Based on the figure, it looks like the model on the left is more spread out. Since the learning rate is smaller on the left, it makes each tree make smaller moves. The smaller the moves, the more importance is spread across variables as the model explores itself. When the learning rate is high, the model makes bigger moves and jumps to the predictors, barely exploring, causing a bias in the way the importance is distributed.
##Problem 8.3 (b): “Which model do you think would be more predictive of other samples?”
The left model for sure as I think that the right model is overgeneralizing / overfitting because of the high learning curve. The right model focuses too much on a few of the predictors and then gives almost none to zero importance to others. The model on the left is more evenly distributed.
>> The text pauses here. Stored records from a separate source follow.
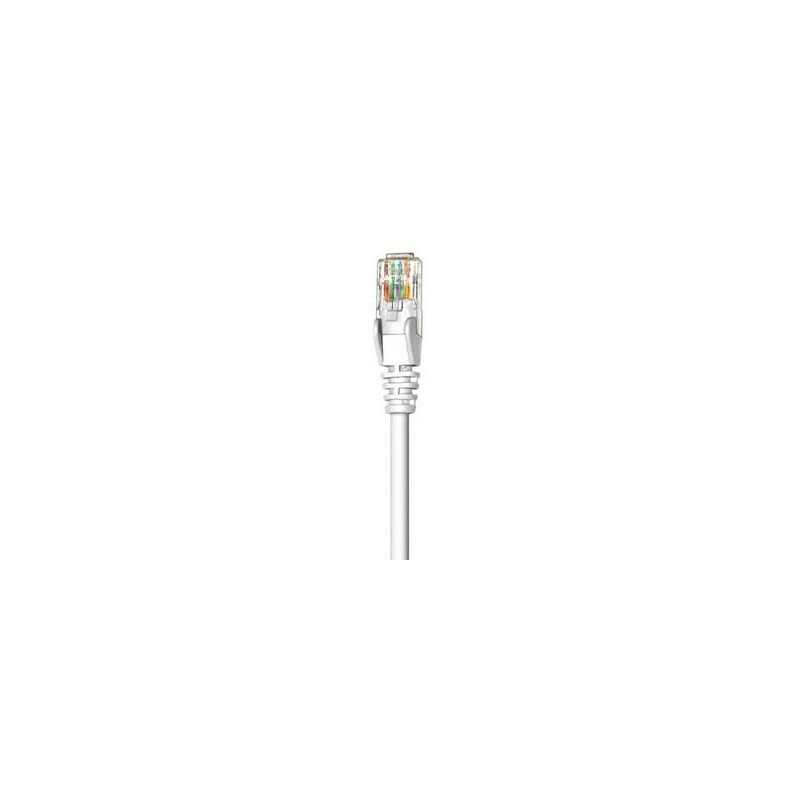 Network Cable, Cat6, UTP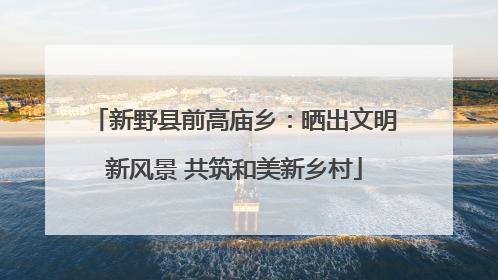 新野县前高庙乡：晒出文明新风景 共筑和美新乡村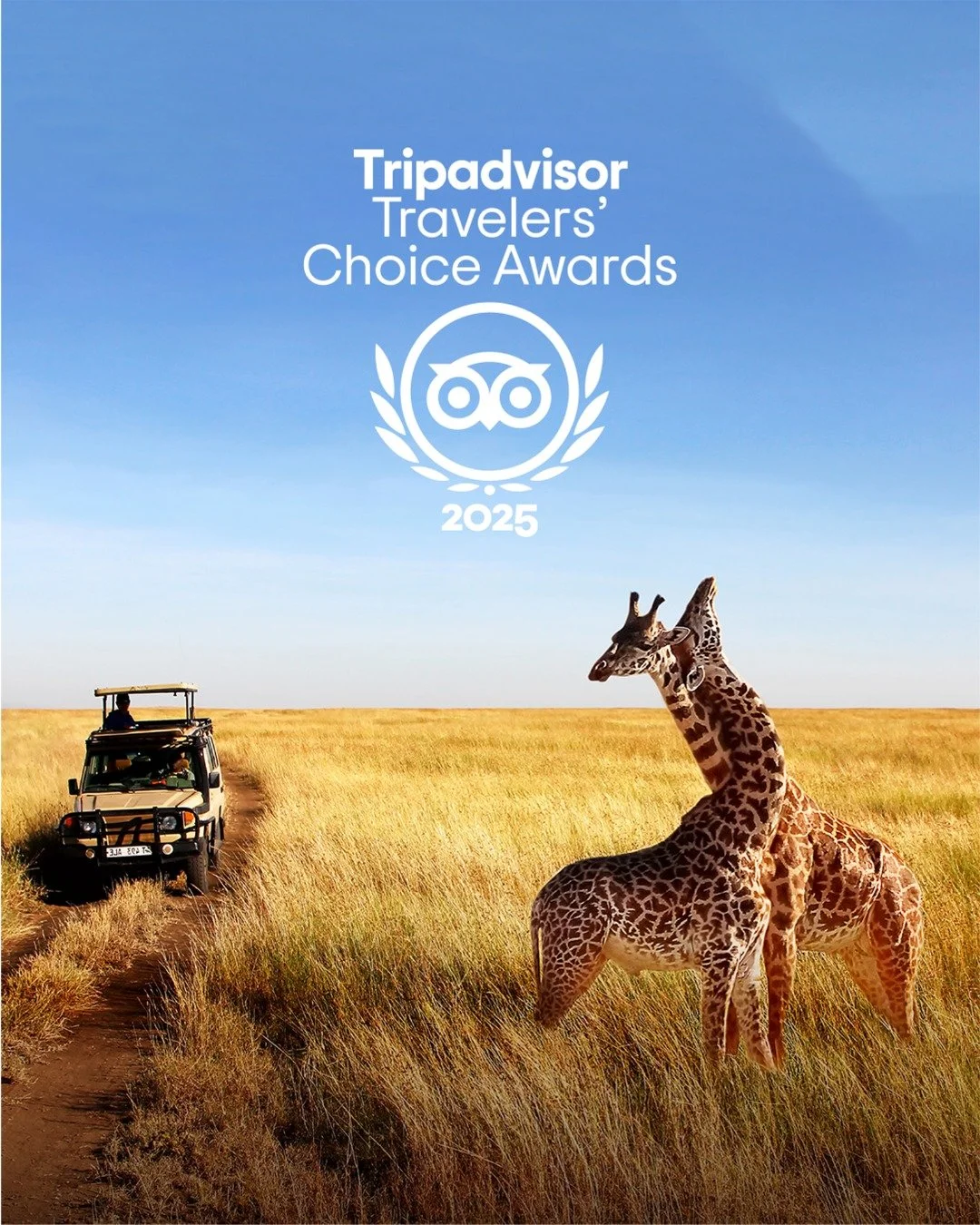Honoured to be recognised in the TripAdvisor Travellers&rsquo; Choice Awards 2025. 🏆

A big thank you to everyone who travelled with us and took the time to share their experience, your support means a lot.

#TripadvisorTravellersChoice #TravellersC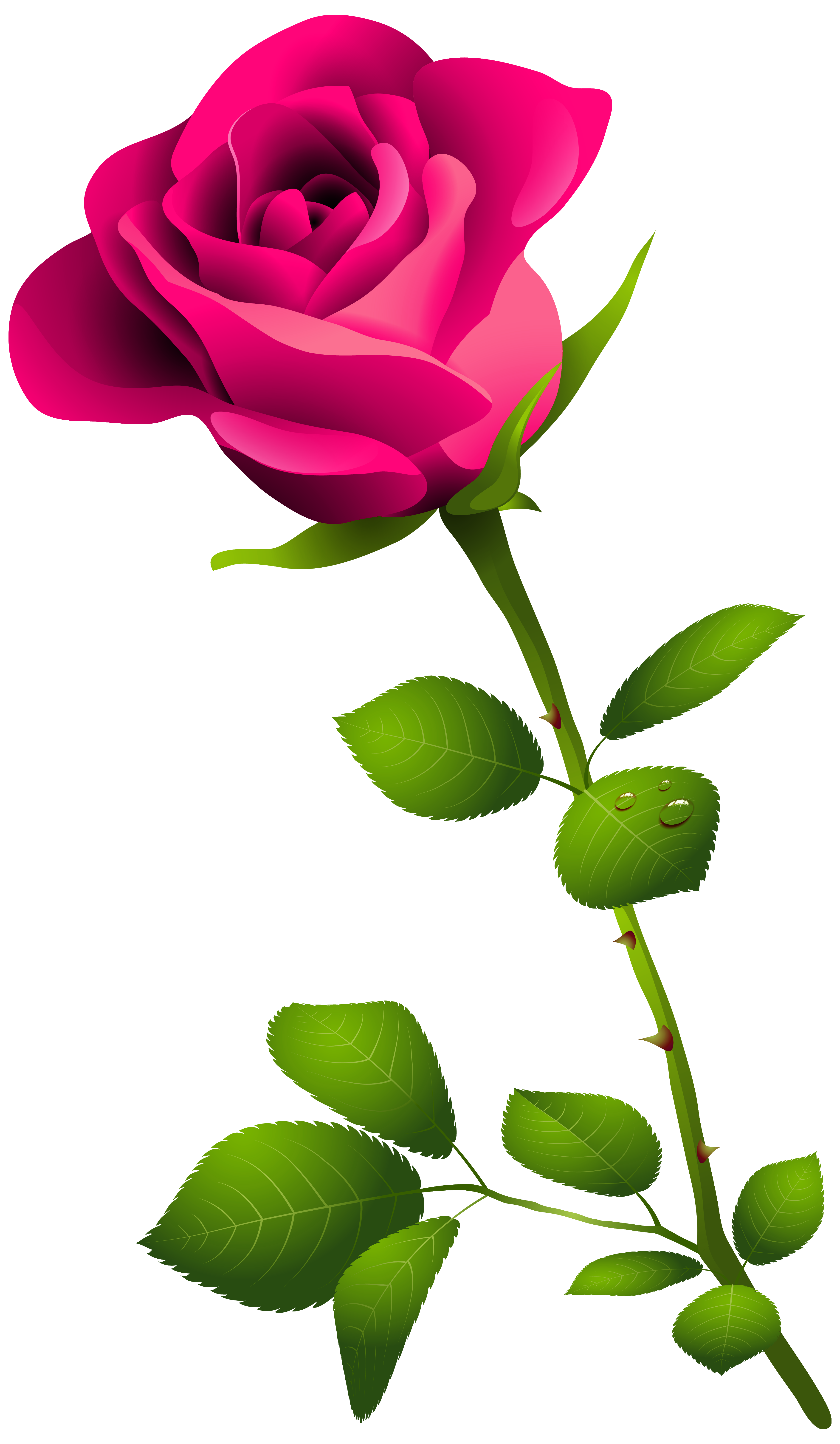 Pink rose with stem. Flowers clipart stems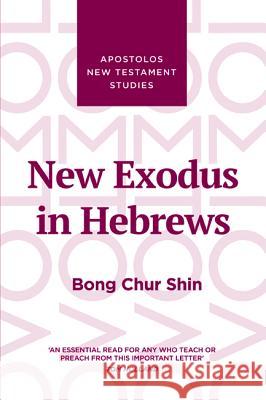 New Exodus in Hebrews Bong Chur Shin 9781532669866 Wipf & Stock Publishers - książka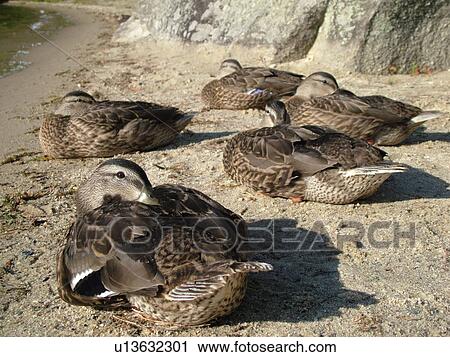 Groton, VT, Vermont, Groton State Forest, Mallard Ducks sleeping on the beach View Large Photo Image Stock Image - Groton, VT, Vermont, Groton State Forest, Mallard Ducks sleeping on the beach. Fotosearch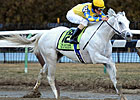 Slideshow: Gotham Stakes 2012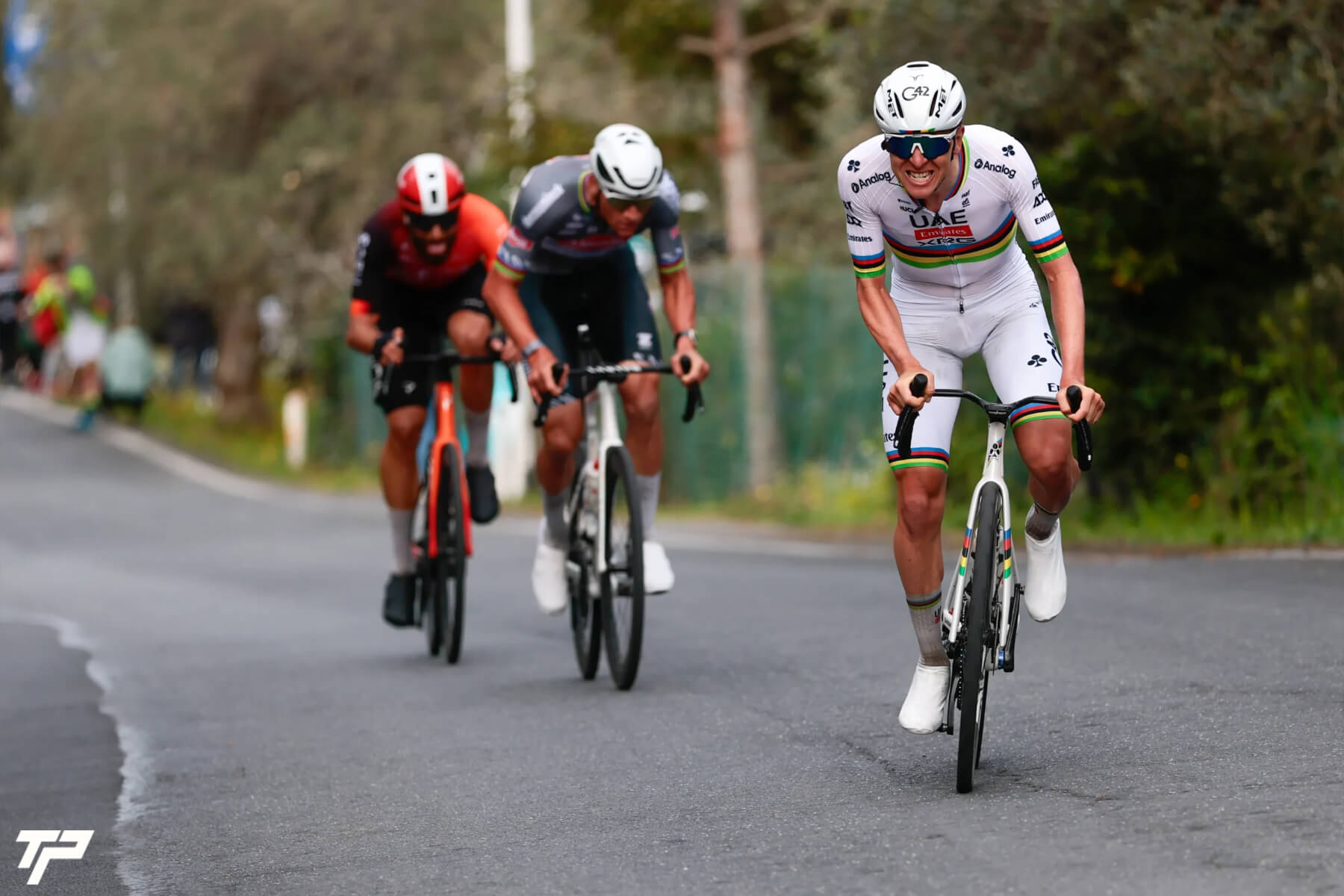 Milano Sanremo 2025: Riding Through Legend and Glory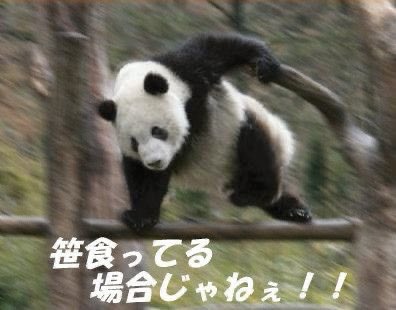 ぜったい行きます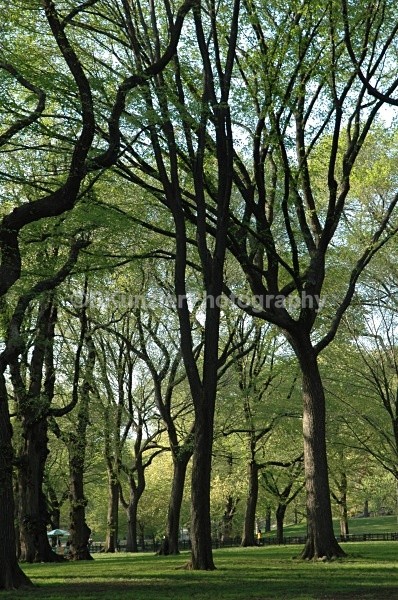  - Central Park Springtime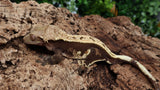 CG310- Male Pinstripe Harlequin Crested Gecko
##Problem 8.3 (c): “How would increasing interaction depth affect the slope of predictor “importance for either model in Fig. 8.24?”
I think increasing the interaction depth will just amplify what the models are already doing. For the plot on the left I think that the increased depth would spread the importance even more. I think that the graph on the right will probably increase the weight of the importance on the few variables it already has on the top.
#Problem 8.7 “ Refer to Exercises 6.3 and 7.5 which describe a chemical manufacturing process. Use the same data imputation, data splitting, and pre-processing steps as before and train several tree-based models:”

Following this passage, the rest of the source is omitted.